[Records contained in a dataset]
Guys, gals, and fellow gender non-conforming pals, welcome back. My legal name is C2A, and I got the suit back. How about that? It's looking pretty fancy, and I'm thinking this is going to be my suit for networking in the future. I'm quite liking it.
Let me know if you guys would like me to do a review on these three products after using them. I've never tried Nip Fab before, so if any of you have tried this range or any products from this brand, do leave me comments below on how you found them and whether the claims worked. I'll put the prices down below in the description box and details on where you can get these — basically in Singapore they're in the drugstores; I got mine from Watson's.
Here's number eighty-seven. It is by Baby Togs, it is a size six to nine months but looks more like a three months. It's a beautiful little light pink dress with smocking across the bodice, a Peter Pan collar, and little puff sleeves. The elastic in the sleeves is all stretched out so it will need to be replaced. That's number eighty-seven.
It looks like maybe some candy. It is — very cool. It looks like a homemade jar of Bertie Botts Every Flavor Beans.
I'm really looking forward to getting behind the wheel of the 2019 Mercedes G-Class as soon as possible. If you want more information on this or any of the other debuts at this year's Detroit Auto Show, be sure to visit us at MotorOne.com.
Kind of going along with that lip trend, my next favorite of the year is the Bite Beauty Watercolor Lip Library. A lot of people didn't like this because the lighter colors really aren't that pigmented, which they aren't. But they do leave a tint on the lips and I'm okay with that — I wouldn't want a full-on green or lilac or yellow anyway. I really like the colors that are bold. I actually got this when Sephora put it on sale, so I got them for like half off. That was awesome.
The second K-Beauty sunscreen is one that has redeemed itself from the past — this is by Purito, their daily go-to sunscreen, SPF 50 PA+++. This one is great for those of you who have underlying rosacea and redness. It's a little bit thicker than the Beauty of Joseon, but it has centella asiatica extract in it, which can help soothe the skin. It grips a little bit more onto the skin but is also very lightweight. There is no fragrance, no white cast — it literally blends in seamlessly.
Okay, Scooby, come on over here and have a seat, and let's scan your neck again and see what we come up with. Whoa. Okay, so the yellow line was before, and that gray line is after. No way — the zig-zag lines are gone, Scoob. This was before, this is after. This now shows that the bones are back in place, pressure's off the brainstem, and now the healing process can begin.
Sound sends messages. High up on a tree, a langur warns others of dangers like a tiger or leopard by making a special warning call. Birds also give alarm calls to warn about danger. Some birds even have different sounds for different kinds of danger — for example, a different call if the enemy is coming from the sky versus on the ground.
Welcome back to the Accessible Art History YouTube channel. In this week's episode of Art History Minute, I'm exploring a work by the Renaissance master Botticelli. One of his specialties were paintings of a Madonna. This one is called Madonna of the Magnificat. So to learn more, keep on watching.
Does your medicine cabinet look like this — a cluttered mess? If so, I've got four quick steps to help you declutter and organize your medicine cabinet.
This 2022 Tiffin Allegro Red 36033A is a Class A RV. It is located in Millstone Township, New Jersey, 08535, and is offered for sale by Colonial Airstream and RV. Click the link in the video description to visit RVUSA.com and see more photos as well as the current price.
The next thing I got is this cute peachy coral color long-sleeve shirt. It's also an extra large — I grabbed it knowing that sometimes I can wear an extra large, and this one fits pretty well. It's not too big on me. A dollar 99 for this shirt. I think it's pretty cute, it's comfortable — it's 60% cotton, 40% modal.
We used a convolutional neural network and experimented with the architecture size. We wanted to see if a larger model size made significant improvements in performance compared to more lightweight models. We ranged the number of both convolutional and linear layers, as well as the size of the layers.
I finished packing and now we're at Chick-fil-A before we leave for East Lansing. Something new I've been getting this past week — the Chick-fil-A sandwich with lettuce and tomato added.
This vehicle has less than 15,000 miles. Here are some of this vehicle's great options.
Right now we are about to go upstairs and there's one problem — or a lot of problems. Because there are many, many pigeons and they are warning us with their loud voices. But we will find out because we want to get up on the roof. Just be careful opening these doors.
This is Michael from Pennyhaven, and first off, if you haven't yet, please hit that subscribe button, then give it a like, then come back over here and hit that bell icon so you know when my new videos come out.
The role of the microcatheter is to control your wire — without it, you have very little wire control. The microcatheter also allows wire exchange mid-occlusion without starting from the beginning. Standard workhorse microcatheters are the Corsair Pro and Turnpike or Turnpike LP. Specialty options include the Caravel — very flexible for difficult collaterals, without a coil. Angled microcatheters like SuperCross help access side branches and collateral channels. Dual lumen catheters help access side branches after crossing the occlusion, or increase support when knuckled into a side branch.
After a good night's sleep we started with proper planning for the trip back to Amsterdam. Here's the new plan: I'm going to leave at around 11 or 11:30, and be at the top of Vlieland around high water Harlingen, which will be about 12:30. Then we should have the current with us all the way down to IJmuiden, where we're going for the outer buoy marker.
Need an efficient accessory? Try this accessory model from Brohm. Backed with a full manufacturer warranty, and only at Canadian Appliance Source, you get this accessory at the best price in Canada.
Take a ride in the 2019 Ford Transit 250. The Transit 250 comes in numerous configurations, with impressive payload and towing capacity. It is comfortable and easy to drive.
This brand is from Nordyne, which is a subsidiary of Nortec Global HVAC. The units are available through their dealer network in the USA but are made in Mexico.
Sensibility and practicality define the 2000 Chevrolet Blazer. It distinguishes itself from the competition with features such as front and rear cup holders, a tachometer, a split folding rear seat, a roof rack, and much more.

== ACTIVITY ==
A faithful, word-for-word copy of the data is the expected answer.

== WRITTEN ANSWER ==
Guys, gals, and fellow gender non-conforming pals, welcome back. My legal name is C2A, and I got the suit back. How about that? It's looking pretty fancy, and I'm thinking this is going to be my suit for networking in the future. I'm quite liking it.
Let me know if you guys would like me to do a review on these three products after using them. I've never tried Nip Fab before, so if any of you have tried this range or any products from this brand, do leave me comments below on how you found them and whether the claims worked. I'll put the prices down below in the description box and details on where you can get these — basically in Singapore they're in the drugstores; I got mine from Watson's.
Here's number eighty-seven. It is by Baby Togs, it is a size six to nine months but looks more like a three months. It's a beautiful little light pink dress with smocking across the bodice, a Peter Pan collar, and little puff sleeves. The elastic in the sleeves is all stretched out so it will need to be replaced. That's number eighty-seven.
It looks like maybe some candy. It is — very cool. It looks like a homemade jar of Bertie Botts Every Flavor Beans.
I'm really looking forward to getting behind the wheel of the 2019 Mercedes G-Class as soon as possible. If you want more information on this or any of the other debuts at this year's Detroit Auto Show, be sure to visit us at MotorOne.com.
Kind of going along with that lip trend, my next favorite of the year is the Bite Beauty Watercolor Lip Library. A lot of people didn't like this because the lighter colors really aren't that pigmented, which they aren't. But they do leave a tint on the lips and I'm okay with that — I wouldn't want a full-on green or lilac or yellow anyway. I really like the colors that are bold. I actually got this when Sephora put it on sale, so I got them for like half off. That was awesome.
The second K-Beauty sunscreen is one that has redeemed itself from the past — this is by Purito, their daily go-to sunscreen, SPF 50 PA+++. This one is great for those of you who have underlying rosacea and redness. It's a little bit thicker than the Beauty of Joseon, but it has centella asiatica extract in it, which can help soothe the skin. It grips a little bit more onto the skin but is also very lightweight. There is no fragrance, no white cast — it literally blends in seamlessly.
Okay, Scooby, come on over here and have a seat, and let's scan your neck again and see what we come up with. Whoa. Okay, so the yellow line was before, and that gray line is after. No way — the zig-zag lines are gone, Scoob. This was before, this is after. This now shows that the bones are back in place, pressure's off the brainstem, and now the healing process can begin.
Sound sends messages. High up on a tree, a langur warns others of dangers like a tiger or leopard by making a special warning call. Birds also give alarm calls to warn about danger. Some birds even have different sounds for different kinds of danger — for example, a different call if the enemy is coming from the sky versus on the ground.
Welcome back to the Accessible Art History YouTube channel. In this week's episode of Art History Minute, I'm exploring a work by the Renaissance master Botticelli. One of his specialties were paintings of a Madonna. This one is called Madonna of the Magnificat. So to learn more, keep on watching.
Does your medicine cabinet look like this — a cluttered mess? If so, I've got four quick steps to help you declutter and organize your medicine cabinet.
This 2022 Tiffin Allegro Red 36033A is a Class A RV. It is located in Millstone Township, New Jersey, 08535, and is offered for sale by Colonial Airstream and RV. Click the link in the video description to visit RVUSA.com and see more photos as well as the current price.
The next thing I got is this cute peachy coral color long-sleeve shirt. It's also an extra large — I grabbed it knowing that sometimes I can wear an extra large, and this one fits pretty well. It's not too big on me. A dollar 99 for this shirt. I think it's pretty cute, it's comfortable — it's 60% cotton, 40% modal.
We used a convolutional neural network and experimented with the architecture size. We wanted to see if a larger model size made significant improvements in performance compared to more lightweight models. We ranged the number of both convolutional and linear layers, as well as the size of the layers.
I finished packing and now we're at Chick-fil-A before we leave for East Lansing. Something new I've been getting this past week — the Chick-fil-A sandwich with lettuce and tomato added.
This vehicle has less than 15,000 miles. Here are some of this vehicle's great options.
Right now we are about to go upstairs and there's one problem — or a lot of problems. Because there are many, many pigeons and they are warning us with their loud voices. But we will find out because we want to get up on the roof. Just be careful opening these doors.
This is Michael from Pennyhaven, and first off, if you haven't yet, please hit that subscribe button, then give it a like, then come back over here and hit that bell icon so you know when my new videos come out.
The role of the microcatheter is to control your wire — without it, you have very little wire control. The microcatheter also allows wire exchange mid-occlusion without starting from the beginning. Standard workhorse microcatheters are the Corsair Pro and Turnpike or Turnpike LP. Specialty options include the Caravel — very flexible for difficult collaterals, without a coil. Angled microcatheters like SuperCross help access side branches and collateral channels. Dual lumen catheters help access side branches after crossing the occlusion, or increase support when knuckled into a side branch.
After a good night's sleep we started with proper planning for the trip back to Amsterdam. Here's the new plan: I'm going to leave at around 11 or 11:30, and be at the top of Vlieland around high water Harlingen, which will be about 12:30. Then we should have the current with us all the way down to IJmuiden, where we're going for the outer buoy marker.
Need an efficient accessory? Try this accessory model from Brohm. Backed with a full manufacturer warranty, and only at Canadian Appliance Source, you get this accessory at the best price in Canada.
Take a ride in the 2019 Ford Transit 250. The Transit 250 comes in numerous configurations, with impressive payload and towing capacity. It is comfortable and easy to drive.
This brand is from Nordyne, which is a subsidiary of Nortec Global HVAC. The units are available through their dealer network in the USA but are made in Mexico.
Sensibility and practicality define the 2000 Chevrolet Blazer. It distinguishes itself from the competition with features such as front and rear cup holders, a tachometer, a split folding rear seat, a roof rack, and much more.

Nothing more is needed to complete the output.